*What you should do*
Pictures excluded, output exactly the lines from the one containing "Used 2020 Cadillac XT5 Luxury image 33" through the last line of the listing below.

*Supplied information*
+-------+
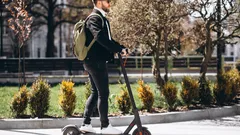 Monopattini elettrici, cambia il calendario: quando serve la targa e quando l’assicurazione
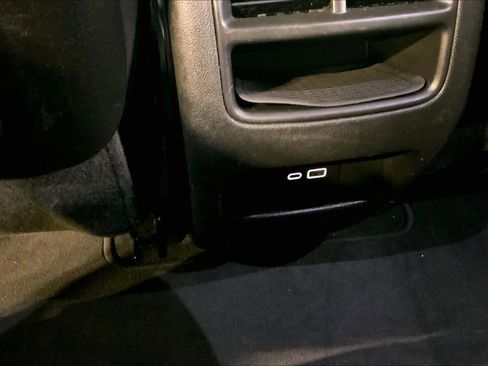 Used 2020 Cadillac XT5 Luxury image 33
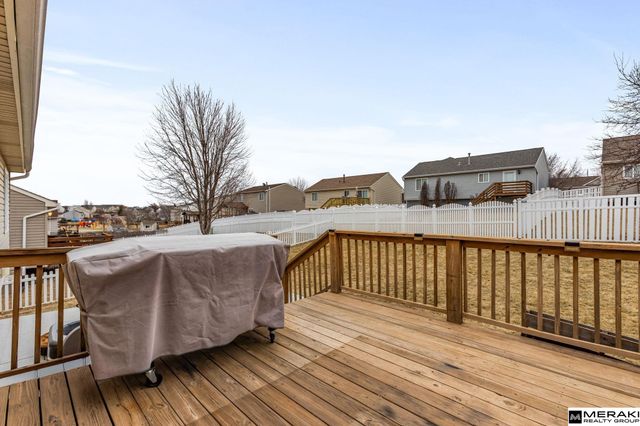 16121 Blackwalnut Street, Omaha, NE 68136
+-------+
*Answer to the problem*
 Used 2020 Cadillac XT5 Luxury image 33
 16121 Blackwalnut Street, Omaha, NE 68136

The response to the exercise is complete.